Since Murray's philosophy and Sutter's were quite similar, it wasn't a matter of the new coach bringing in a new system.
However, Sutter and Kings' general manager Dean Lombardi had a long history and they had worked together in the past. They had an excellent rapport, and that was good for Lombardi. He knew that when his coach said something to him, he could be trusted completely.
That's not saying that Murray was keeping the truth from him, but Sutter and Lombardi simply spoke the same language.
Sutter is known for his straight-forward approach. He doesn't sugarcoat anything and his assessments can be harsh. It turns out that was just what the Kings needed.
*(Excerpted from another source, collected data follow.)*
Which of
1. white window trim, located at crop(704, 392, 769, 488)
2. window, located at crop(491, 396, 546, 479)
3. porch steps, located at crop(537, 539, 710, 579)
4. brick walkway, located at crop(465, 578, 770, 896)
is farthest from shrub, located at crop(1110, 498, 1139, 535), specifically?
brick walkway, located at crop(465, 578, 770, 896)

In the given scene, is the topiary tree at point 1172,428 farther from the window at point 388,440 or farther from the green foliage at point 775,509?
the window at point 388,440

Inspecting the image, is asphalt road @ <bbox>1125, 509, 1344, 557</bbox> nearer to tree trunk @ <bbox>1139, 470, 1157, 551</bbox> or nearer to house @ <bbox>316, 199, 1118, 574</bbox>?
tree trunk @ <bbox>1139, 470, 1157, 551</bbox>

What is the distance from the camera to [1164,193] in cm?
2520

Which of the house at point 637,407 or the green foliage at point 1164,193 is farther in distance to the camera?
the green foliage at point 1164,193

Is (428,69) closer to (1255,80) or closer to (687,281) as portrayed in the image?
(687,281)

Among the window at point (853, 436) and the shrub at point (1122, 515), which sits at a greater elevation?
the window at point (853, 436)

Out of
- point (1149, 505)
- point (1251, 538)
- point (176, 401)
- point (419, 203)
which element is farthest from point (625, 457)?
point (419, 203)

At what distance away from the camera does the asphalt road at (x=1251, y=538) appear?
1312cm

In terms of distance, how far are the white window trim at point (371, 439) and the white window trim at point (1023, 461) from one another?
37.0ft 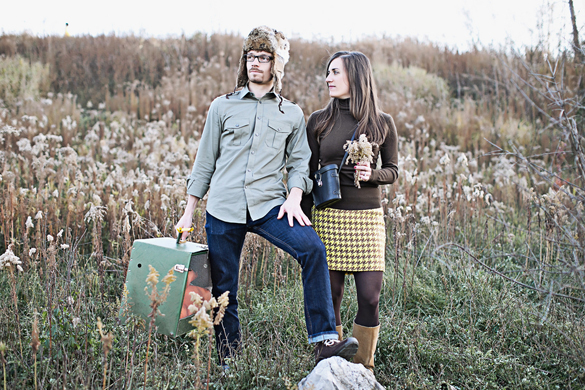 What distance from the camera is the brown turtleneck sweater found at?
2855 millimetres

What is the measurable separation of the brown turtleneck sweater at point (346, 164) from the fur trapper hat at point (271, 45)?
45 centimetres

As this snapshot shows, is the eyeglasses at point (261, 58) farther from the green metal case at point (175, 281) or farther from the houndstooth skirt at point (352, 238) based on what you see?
the green metal case at point (175, 281)

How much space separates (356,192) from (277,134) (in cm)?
61

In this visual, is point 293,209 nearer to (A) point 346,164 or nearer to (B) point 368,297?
(A) point 346,164

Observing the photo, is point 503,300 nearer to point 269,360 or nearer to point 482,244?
point 482,244

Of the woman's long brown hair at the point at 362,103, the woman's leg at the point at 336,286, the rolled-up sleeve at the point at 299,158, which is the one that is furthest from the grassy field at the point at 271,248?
the rolled-up sleeve at the point at 299,158

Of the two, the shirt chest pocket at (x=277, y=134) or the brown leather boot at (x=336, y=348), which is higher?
the shirt chest pocket at (x=277, y=134)

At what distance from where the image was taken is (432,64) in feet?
41.7

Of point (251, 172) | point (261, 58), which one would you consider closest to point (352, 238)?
point (251, 172)

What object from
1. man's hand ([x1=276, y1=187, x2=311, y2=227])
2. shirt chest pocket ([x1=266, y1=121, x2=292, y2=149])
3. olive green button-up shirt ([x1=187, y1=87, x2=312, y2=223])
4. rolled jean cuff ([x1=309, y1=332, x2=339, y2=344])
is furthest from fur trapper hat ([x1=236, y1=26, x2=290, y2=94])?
rolled jean cuff ([x1=309, y1=332, x2=339, y2=344])

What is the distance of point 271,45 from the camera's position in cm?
276

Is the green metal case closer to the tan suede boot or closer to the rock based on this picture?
the rock

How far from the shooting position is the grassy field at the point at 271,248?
266cm

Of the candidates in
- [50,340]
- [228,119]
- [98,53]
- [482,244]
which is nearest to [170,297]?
[50,340] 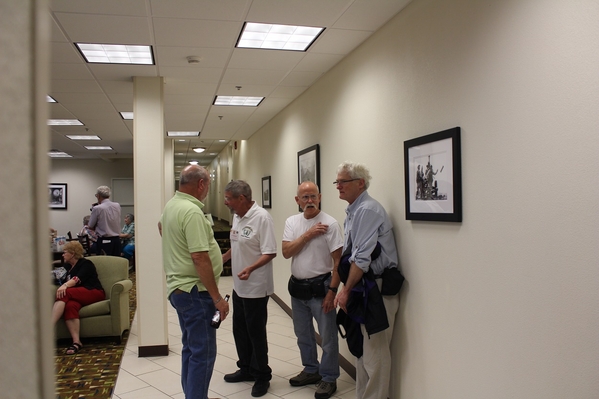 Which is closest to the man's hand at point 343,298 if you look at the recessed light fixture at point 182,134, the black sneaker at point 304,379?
the black sneaker at point 304,379

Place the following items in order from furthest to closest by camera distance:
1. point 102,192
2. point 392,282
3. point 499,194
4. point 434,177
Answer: point 102,192, point 392,282, point 434,177, point 499,194

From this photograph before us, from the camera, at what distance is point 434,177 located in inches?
116

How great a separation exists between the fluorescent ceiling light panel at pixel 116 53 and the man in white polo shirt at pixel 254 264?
152cm

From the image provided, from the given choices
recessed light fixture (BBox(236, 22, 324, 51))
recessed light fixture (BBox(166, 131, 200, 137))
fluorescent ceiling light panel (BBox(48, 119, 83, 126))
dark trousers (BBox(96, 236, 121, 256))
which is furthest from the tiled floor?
recessed light fixture (BBox(166, 131, 200, 137))

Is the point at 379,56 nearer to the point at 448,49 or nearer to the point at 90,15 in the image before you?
the point at 448,49

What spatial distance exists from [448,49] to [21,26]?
9.31ft

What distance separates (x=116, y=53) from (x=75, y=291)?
110 inches

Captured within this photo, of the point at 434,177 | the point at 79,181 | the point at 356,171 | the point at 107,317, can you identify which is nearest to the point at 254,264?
the point at 356,171

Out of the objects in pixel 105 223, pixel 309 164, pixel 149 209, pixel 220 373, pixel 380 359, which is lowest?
pixel 220 373

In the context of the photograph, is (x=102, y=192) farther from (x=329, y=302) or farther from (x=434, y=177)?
(x=434, y=177)

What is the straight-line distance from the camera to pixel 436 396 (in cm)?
299

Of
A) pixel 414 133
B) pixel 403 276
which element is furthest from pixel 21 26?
pixel 403 276

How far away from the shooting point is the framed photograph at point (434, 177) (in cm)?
270

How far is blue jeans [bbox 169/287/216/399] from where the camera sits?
3045mm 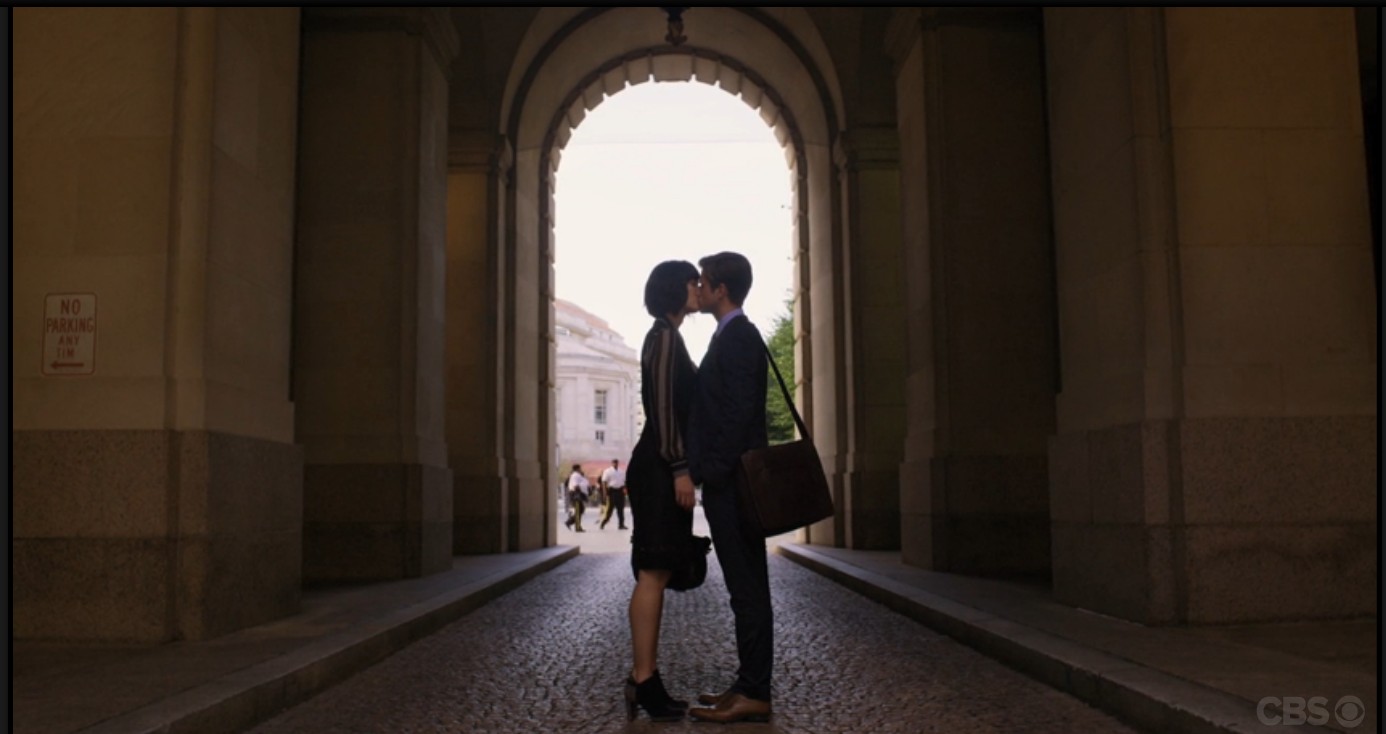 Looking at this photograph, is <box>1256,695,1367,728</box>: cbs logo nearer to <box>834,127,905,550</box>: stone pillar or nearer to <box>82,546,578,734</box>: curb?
<box>82,546,578,734</box>: curb

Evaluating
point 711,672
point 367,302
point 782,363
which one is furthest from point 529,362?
point 782,363

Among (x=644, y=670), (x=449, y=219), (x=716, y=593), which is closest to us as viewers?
A: (x=644, y=670)

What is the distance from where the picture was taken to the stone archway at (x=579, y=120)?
18188 mm

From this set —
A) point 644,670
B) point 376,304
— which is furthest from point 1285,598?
point 376,304

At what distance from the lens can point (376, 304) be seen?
12156mm

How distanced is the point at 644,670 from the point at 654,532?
0.54 meters

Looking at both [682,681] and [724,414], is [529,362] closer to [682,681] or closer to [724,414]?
[682,681]

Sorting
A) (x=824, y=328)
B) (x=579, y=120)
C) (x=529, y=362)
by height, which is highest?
(x=579, y=120)

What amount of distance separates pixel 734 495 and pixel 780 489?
19 cm

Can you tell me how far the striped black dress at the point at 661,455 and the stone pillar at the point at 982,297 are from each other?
24.2 ft

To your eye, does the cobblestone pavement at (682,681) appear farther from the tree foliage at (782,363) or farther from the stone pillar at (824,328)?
the tree foliage at (782,363)

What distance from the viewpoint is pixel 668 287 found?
5.20 metres

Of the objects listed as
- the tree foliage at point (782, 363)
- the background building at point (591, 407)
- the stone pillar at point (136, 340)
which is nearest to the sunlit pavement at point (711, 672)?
the stone pillar at point (136, 340)

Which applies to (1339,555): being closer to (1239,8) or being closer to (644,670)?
(1239,8)
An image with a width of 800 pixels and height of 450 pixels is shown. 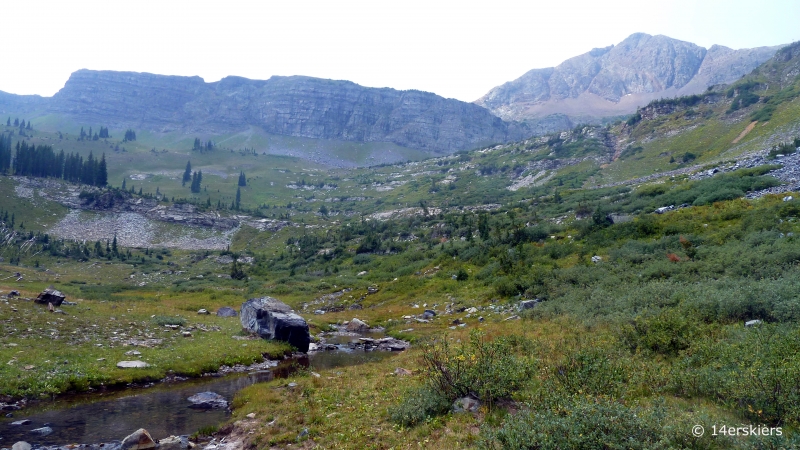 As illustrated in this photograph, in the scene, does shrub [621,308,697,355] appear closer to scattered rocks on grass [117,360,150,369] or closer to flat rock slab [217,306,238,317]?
scattered rocks on grass [117,360,150,369]

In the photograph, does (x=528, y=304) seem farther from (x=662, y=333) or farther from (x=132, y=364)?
(x=132, y=364)

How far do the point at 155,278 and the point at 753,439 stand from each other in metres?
74.1

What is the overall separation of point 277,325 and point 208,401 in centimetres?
1071

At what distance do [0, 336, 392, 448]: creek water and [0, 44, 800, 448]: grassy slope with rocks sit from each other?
1286 mm

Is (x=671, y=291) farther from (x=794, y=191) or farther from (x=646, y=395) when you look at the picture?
(x=794, y=191)

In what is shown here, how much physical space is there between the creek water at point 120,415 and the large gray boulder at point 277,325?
7091mm

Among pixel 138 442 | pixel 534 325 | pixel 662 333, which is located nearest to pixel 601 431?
pixel 662 333

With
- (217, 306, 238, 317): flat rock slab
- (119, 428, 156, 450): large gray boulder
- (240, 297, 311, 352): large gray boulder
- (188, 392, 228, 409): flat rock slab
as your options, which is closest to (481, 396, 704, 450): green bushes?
(119, 428, 156, 450): large gray boulder

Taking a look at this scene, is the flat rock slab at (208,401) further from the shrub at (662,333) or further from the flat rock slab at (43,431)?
the shrub at (662,333)

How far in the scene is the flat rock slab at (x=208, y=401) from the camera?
16.4m

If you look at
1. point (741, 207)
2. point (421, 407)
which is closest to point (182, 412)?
point (421, 407)

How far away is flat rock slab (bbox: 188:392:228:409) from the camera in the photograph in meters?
16.4

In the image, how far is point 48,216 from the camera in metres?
97.2

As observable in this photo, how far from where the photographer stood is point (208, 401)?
1681 cm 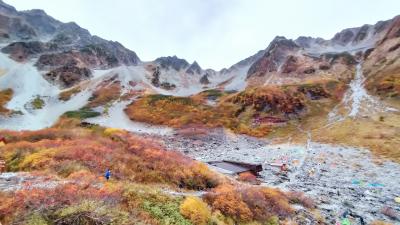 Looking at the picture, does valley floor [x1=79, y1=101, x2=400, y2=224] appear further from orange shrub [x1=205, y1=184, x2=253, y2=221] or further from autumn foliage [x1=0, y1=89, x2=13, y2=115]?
autumn foliage [x1=0, y1=89, x2=13, y2=115]

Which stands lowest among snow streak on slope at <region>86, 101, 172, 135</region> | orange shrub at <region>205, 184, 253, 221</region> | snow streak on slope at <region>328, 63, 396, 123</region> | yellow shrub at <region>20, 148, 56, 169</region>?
snow streak on slope at <region>86, 101, 172, 135</region>

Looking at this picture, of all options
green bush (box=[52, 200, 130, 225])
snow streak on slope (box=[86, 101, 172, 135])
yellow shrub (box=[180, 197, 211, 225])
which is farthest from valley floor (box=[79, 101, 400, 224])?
green bush (box=[52, 200, 130, 225])

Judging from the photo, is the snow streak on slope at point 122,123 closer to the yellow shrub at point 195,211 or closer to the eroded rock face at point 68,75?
the yellow shrub at point 195,211

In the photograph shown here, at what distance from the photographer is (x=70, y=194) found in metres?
13.5

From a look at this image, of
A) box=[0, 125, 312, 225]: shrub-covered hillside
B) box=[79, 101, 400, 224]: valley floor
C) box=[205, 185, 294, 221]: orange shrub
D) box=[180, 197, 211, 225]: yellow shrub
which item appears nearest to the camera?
box=[0, 125, 312, 225]: shrub-covered hillside

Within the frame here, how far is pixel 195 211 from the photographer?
15.1 m

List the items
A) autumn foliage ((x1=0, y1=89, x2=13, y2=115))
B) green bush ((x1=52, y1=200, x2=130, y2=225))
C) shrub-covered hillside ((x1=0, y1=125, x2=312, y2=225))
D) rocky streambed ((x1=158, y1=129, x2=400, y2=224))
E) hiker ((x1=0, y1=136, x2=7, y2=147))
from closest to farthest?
green bush ((x1=52, y1=200, x2=130, y2=225))
shrub-covered hillside ((x1=0, y1=125, x2=312, y2=225))
rocky streambed ((x1=158, y1=129, x2=400, y2=224))
hiker ((x1=0, y1=136, x2=7, y2=147))
autumn foliage ((x1=0, y1=89, x2=13, y2=115))

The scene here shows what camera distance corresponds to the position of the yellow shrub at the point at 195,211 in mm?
14758

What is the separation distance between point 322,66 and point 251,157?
121 m

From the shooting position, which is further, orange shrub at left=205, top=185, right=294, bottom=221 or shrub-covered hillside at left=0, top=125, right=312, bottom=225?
orange shrub at left=205, top=185, right=294, bottom=221

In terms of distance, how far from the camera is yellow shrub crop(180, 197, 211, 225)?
48.4 feet

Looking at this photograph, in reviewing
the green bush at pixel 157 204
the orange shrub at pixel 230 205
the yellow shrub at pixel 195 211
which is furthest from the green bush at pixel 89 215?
the orange shrub at pixel 230 205

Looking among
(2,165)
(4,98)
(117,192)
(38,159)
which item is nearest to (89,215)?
(117,192)

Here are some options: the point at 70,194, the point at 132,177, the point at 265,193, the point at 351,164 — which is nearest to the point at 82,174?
the point at 132,177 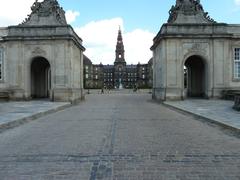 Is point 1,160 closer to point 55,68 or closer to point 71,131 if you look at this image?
point 71,131

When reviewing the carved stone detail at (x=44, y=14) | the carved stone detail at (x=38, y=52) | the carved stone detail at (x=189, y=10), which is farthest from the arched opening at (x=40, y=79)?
the carved stone detail at (x=189, y=10)

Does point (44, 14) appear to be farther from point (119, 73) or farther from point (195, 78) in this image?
point (119, 73)

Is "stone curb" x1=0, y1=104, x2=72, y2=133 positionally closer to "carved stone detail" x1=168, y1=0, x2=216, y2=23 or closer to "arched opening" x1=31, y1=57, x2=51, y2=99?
"arched opening" x1=31, y1=57, x2=51, y2=99

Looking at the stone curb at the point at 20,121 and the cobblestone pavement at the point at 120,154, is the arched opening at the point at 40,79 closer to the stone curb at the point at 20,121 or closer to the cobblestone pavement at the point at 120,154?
the stone curb at the point at 20,121

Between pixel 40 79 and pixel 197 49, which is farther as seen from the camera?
pixel 40 79

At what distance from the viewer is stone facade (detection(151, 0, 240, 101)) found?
107 ft

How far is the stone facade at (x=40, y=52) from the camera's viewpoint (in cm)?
3203

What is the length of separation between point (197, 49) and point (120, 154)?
87.1 ft

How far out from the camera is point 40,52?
107 ft

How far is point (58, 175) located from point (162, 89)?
90.9 ft

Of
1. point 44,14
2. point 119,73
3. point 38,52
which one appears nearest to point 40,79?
point 38,52

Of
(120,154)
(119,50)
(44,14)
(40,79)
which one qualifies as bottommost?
(120,154)

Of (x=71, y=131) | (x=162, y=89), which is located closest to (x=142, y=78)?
(x=162, y=89)

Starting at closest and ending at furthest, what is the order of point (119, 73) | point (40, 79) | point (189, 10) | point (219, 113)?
point (219, 113) → point (189, 10) → point (40, 79) → point (119, 73)
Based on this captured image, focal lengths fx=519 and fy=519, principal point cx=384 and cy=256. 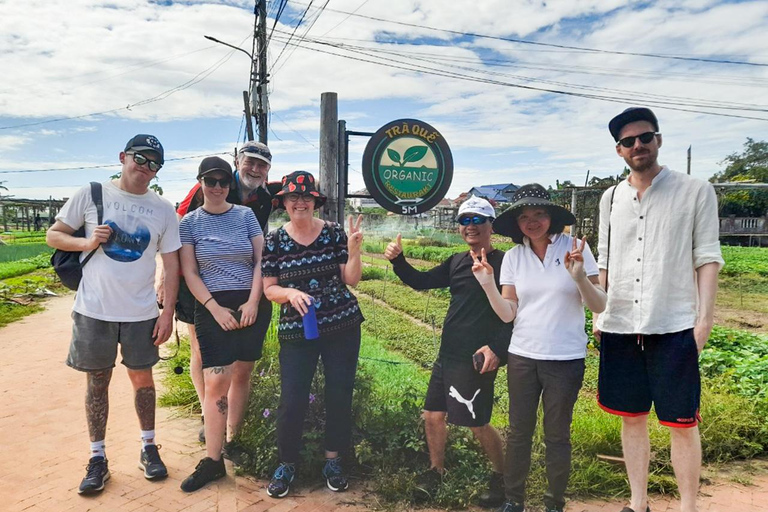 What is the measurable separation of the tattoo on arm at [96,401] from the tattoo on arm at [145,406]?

“I would just say he’s very honest,” center Jarrett Stoll told the Toronto Globe and Mail. “That’s all. He’s just very honest. But he doesn’t miss anything. So you can’t go out there and think you’re working hard, or think you’re doing the right thing, because if you’re not, or you’re out of position, or you make a bad read, he’ll tell you. But you respect a guy like that because he’s just telling it the way it is.”
Sutter comes across to the public as a hard and tough guy who is nearly humorless in his approach. But he shows the players a sensitivity that the public doesn't see. Stoll said Sutter demonstrated a personal interest in his players that have nothing to do with their performance on the ice.
"He’ll tap you on the arm and he’ll say, ‘How are you doing today? Everything okay? How’s your family?’ said Stoll. “He cares. He really cares.”
In the end, those two factors may have been the difference between the two coaches. Sutter saw everything on the ice and let players know immediately when they made mistakes. Problems were quickly corrected.
But then he surprised his players by actually showing that he cared about them. That small bit of humanity may have helped the Kings play hard every night and reach those championship aspirations.